Whether the Council is justified in its decision to withhold certain records on various grounds including sections 22, 23 and 26 of the FOI Act.
On 21 April 2009, the Applicant made an FOI request to the Council seeking copies of records relating to him and to his applications for housing. In its decision of 18 May 2009, the Council agreed to release all records with the exception of three which they contend were exempt from release in accordance section 23(1)(a)(i)(ii) and (iii) and section 26 of the FOI Act, and also by section 15 of the Housing (Miscellaneous Provisions) Act, 1997. The Council identified the three records to the applicant as "Garda Reports obtained under Housing (Miscellaneous Provisions Act) 1997 S.15".
On 18 June 2009, the Applicant requested an internal review of the Council's decision. On 22 June 2009, the Council, in that internal review decision, upheld its original decision. On 23 September 2009, the Applicant sought a review by the Commissioner of the Council's decisions. In correspondence with this Office the Council also invoked section 23(1)(iv) in withholding the relevant records. During this review it emerged that an additional record had been withheld in accordance with section 22 of the Act and this will also be considered in this review.
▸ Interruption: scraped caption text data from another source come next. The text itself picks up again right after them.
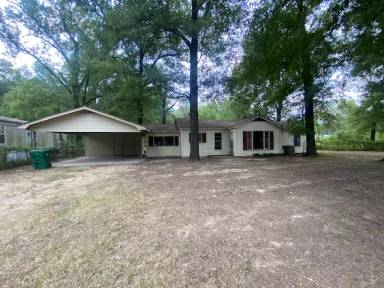 Main picture of 1104 Evergreen St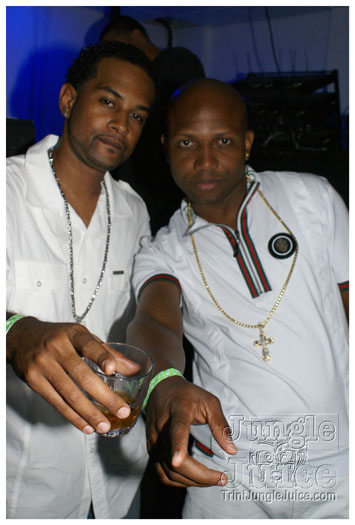 glow_we_palancing_may28-068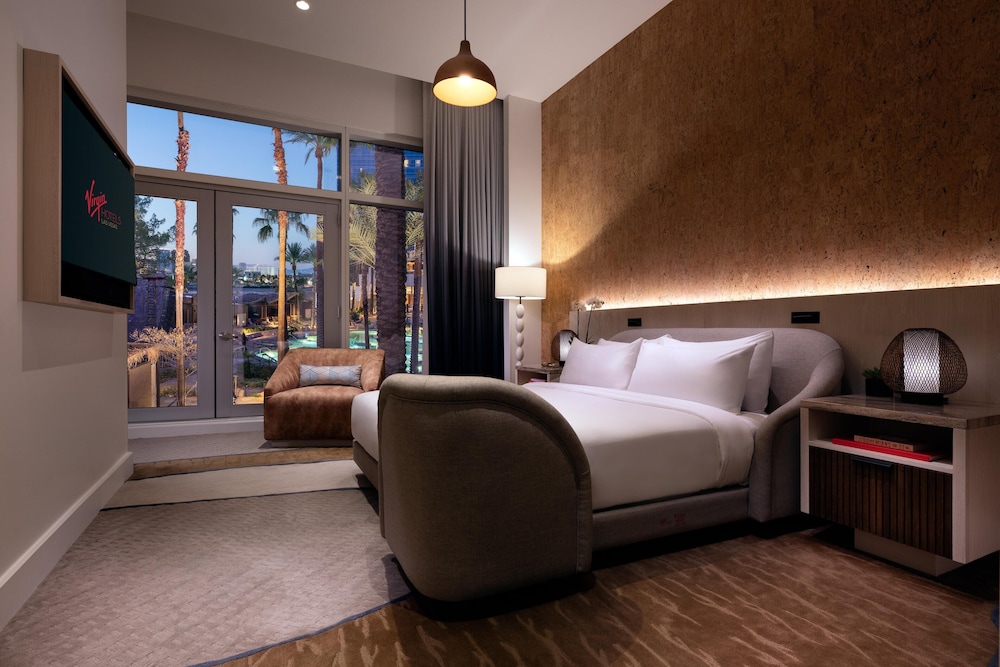 Virgin Hotel Las Vegas, Curio Collection by Hilton — Hotel rooms in Las Vegas, Nevada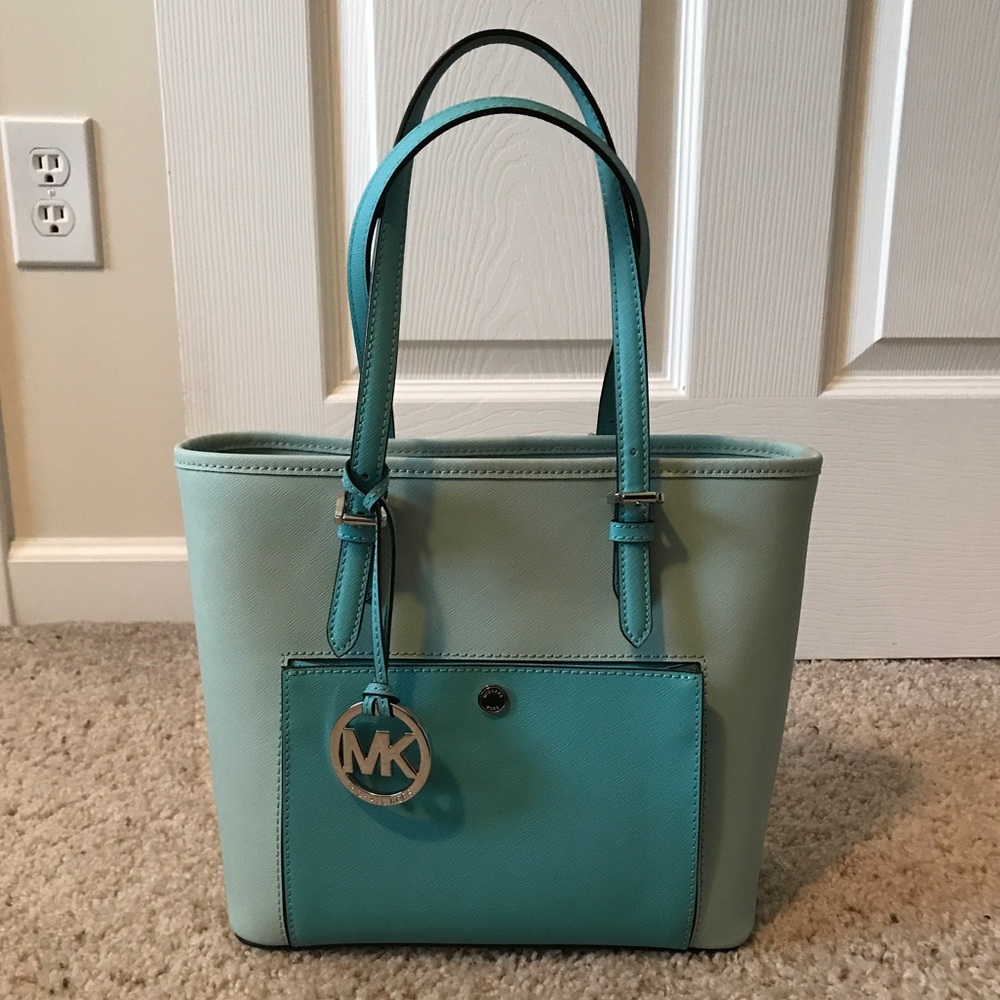 Mint Michael Kors medium jet set tote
On 23 February 2010, Mr. Colin Stokes, Investigator in this Office, wrote to both parties and also to the Commissioner of the Gardai Síochána outlining his preliminary view of the issues in this case. Both the Gardai and the Council responded to this preliminary view. In their submission the Gardai expressed agreement with the preliminary view while the Council accepted our view in relation to section 26 but reiterated its view that section 23, and in particular section 23 (1)(a)(iv) applied. I have therefore decided that it is now appropriate to make a formal binding decision on the issue.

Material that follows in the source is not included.